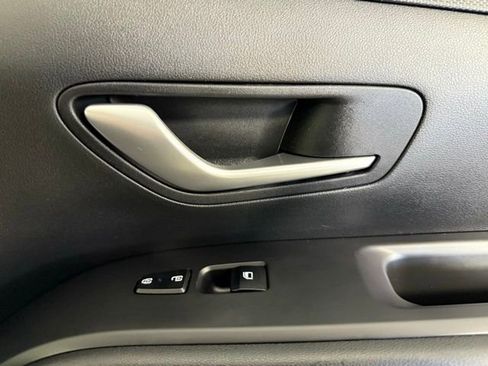 Used 2024 Hyundai Tucson SE image 34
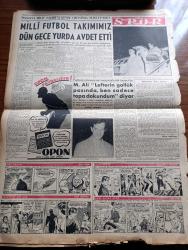 Vatan Gazetesi - 22 Mayıs 1957 - Makarios New York'a Gideceğini Bildirdi - Kasımpaşa'da Bulunan Dalgıç Okulu Ve İle Seyir Ve Hidrografi Dairesi Çubuklu'da Yeni Binasına Taşındı - Devlet Personel Kanunu Geri Kaldı - Buğday Fiyatına Yapılan Zam İyi Karşılanmadı - Judo Güreşi - Osman Bölükbaşı İmar İşini Tenkid Etti - CHP Seçim Hileleri Adlı Bir Kitap Hazırlıyor - Pamukçuluk Kongresi Devam Ediyor - Ataç'ın Öfkesi Yazan Azra Erhat - Eflatun Kız Yazan Nihal Yeğinobalı Yazı Dizisi - Berbat Süleyman'ın Duruşmalarını Yazmak Yasak Oldu - Fikret Akdora'nın İnsanlar Arasında isimli Şiir Kitabı Toplattırıldı - Siyah Kalem Yazan Ahmet Kutsi Tecer Köşe Yazısı - Havalarda 70.000 Km. Yazan Ahmed Emin Yalman Yazı Dizisi - Hikmet Baydur'un Semineri - Deprem Bölgesinde Bir Gezi Yazan Naim Tirali Yazı Dizisi - Batakhane İnsanları Yazan Adnan Veli Yazı Dizisi - 1001 Gece Masalları Hazırlayan Suat Taşer Yazı Dizisi - Vidi Vidi Çizen Walter Lantz - Mehmet Ali Has-  Lefter Küçükandonyadis'in Gollük Pası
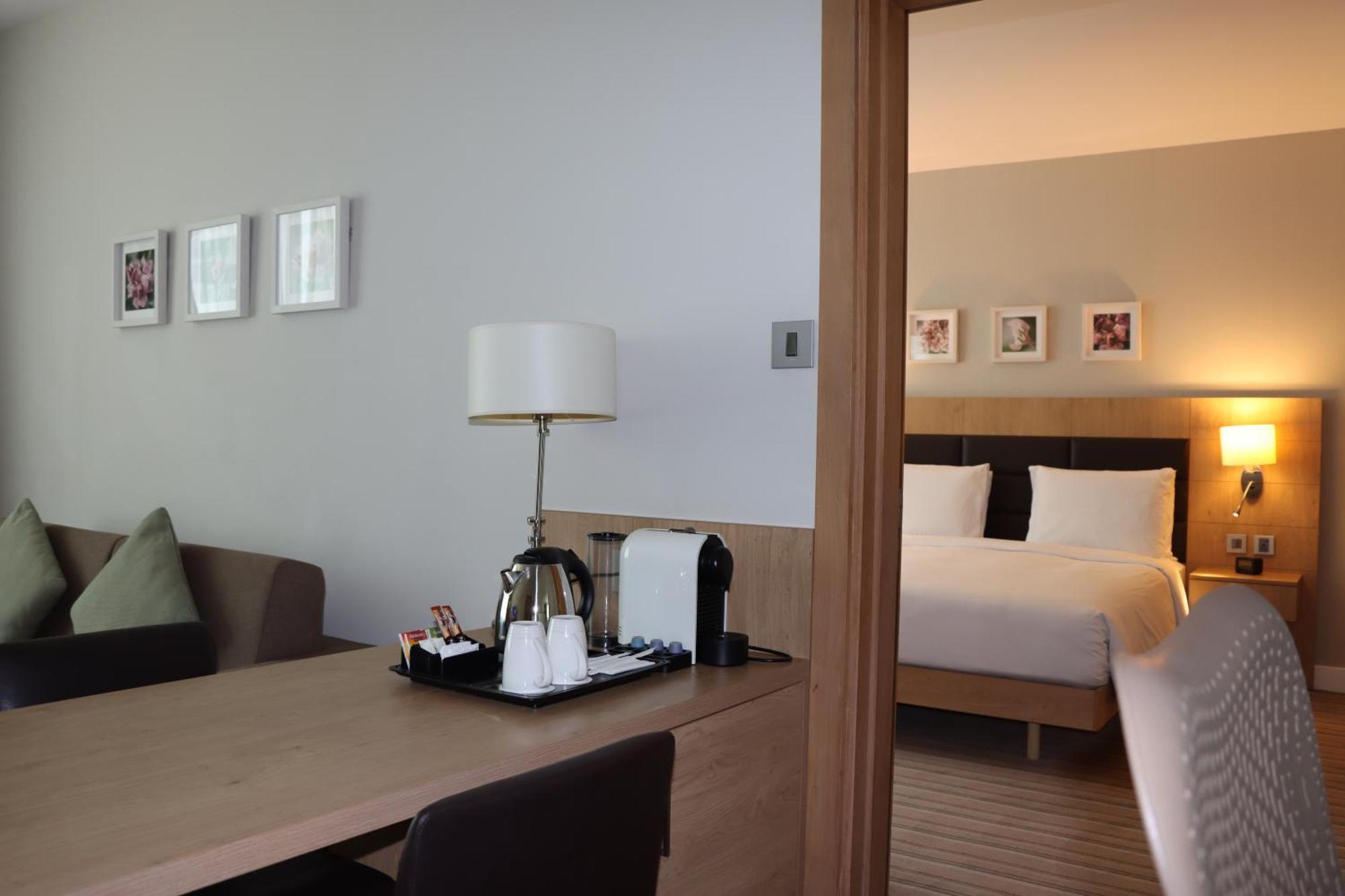 Hilton Garden Dubai, Mall Avenue 4* Dubai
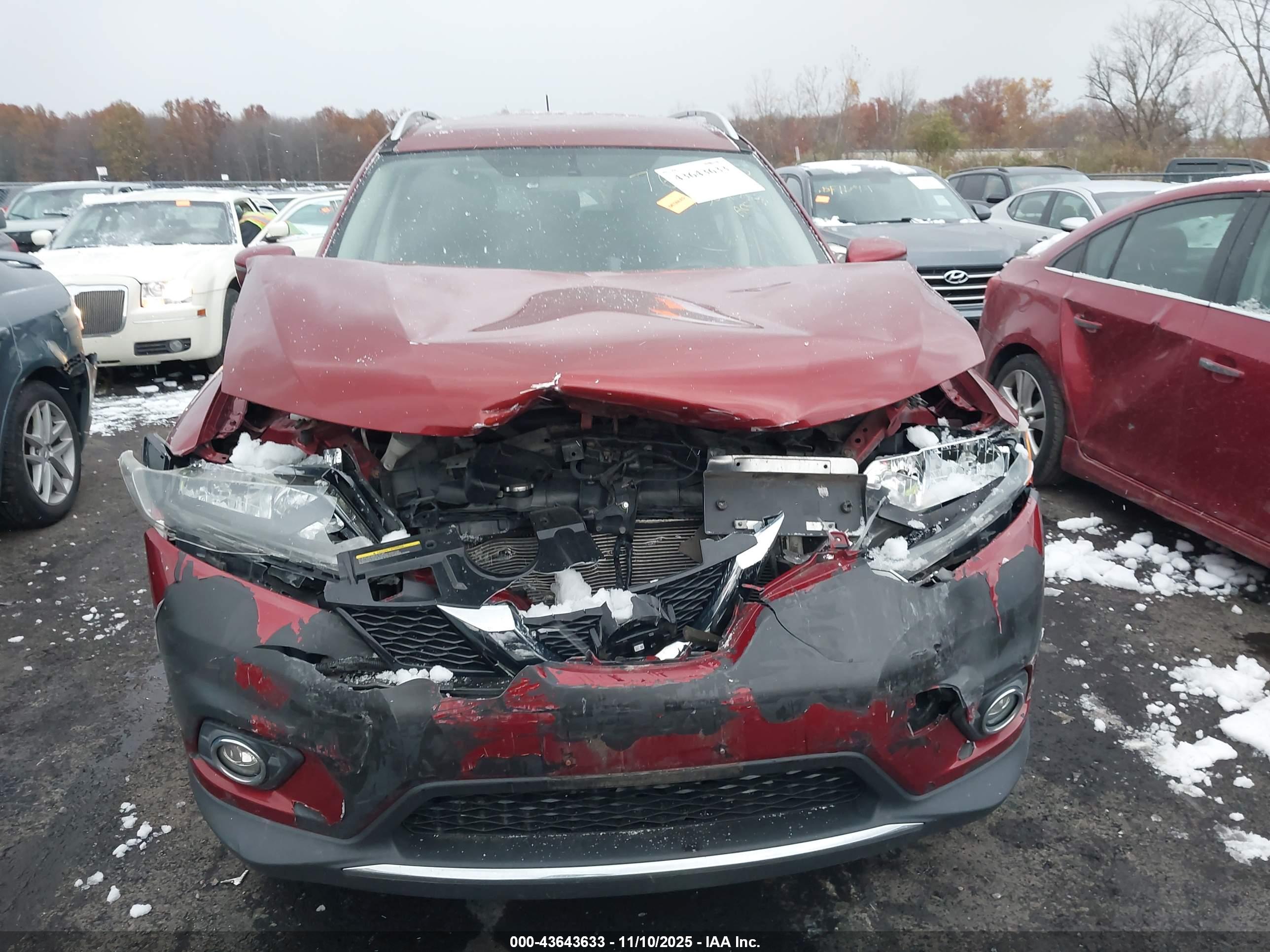 NISSAN ROGUE image 6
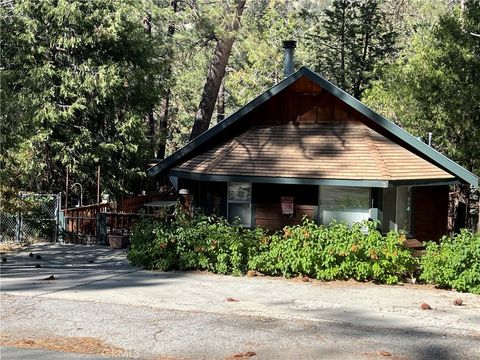 Photo of 1366 Laura St, Wrightwood, CA 92397 (MLS # HD26131583)
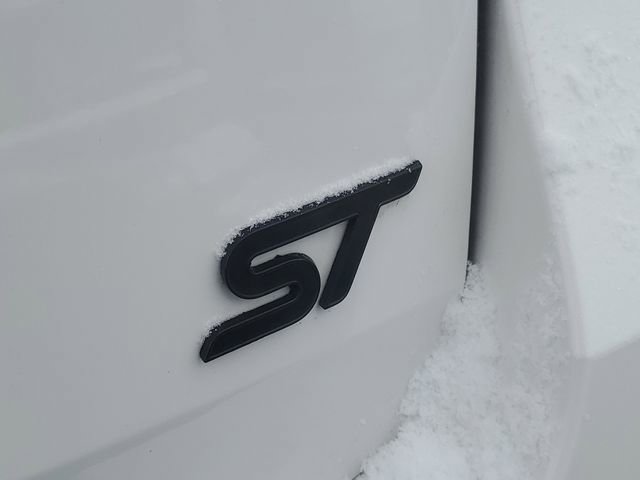 Used 2025 Ford Explorer ST image 10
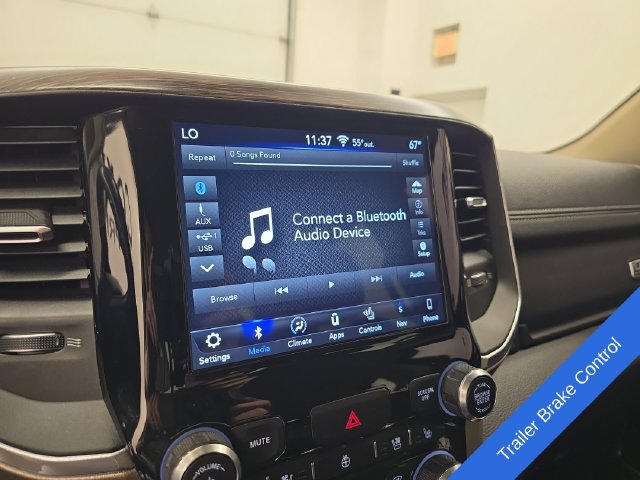 Used 2019 RAM 1500 Laramie AWD/4WD image 24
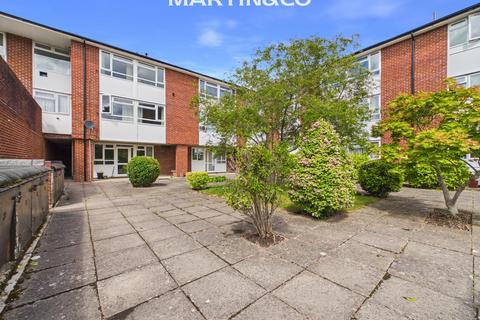 2 bed property, in Grainford Court, £200,000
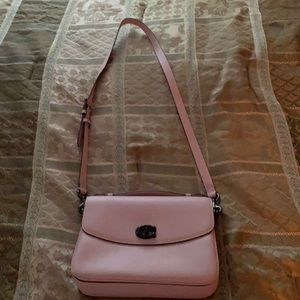 Coach crossbody baby pink.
========================
**What is being asked**
Repeat every record above exactly. The pictures do not belong in the copy.

**Solution for this problem**
 Used 2024 Hyundai Tucson SE image 34
 Vatan Gazetesi - 22 Mayıs 1957 - Makarios New York'a Gideceğini Bildirdi - Kasımpaşa'da Bulunan Dalgıç Okulu Ve İle Seyir Ve Hidrografi Dairesi Çubuklu'da Yeni Binasına Taşındı - Devlet Personel Kanunu Geri Kaldı - Buğday Fiyatına Yapılan Zam İyi Karşılanmadı - Judo Güreşi - Osman Bölükbaşı İmar İşini Tenkid Etti - CHP Seçim Hileleri Adlı Bir Kitap Hazırlıyor - Pamukçuluk Kongresi Devam Ediyor - Ataç'ın Öfkesi Yazan Azra Erhat - Eflatun Kız Yazan Nihal Yeğinobalı Yazı Dizisi - Berbat Süleyman'ın Duruşmalarını Yazmak Yasak Oldu - Fikret Akdora'nın İnsanlar Arasında isimli Şiir Kitabı Toplattırıldı - Siyah Kalem Yazan Ahmet Kutsi Tecer Köşe Yazısı - Havalarda 70.000 Km. Yazan Ahmed Emin Yalman Yazı Dizisi - Hikmet Baydur'un Semineri - Deprem Bölgesinde Bir Gezi Yazan Naim Tirali Yazı Dizisi - Batakhane İnsanları Yazan Adnan Veli Yazı Dizisi - 1001 Gece Masalları Hazırlayan Suat Taşer Yazı Dizisi - Vidi Vidi Çizen Walter Lantz - Mehmet Ali Has-  Lefter Küçükandonyadis'in Gollük Pası
 Hilton Garden Dubai, Mall Avenue 4* Dubai
 NISSAN ROGUE image 6
 Photo of 1366 Laura St, Wrightwood, CA 92397 (MLS # HD26131583)
 Used 2025 Ford Explorer ST image 10
 Used 2019 RAM 1500 Laramie AWD/4WD image 24
 2 bed property, in Grainford Court, £200,000
 Coach crossbody baby pink.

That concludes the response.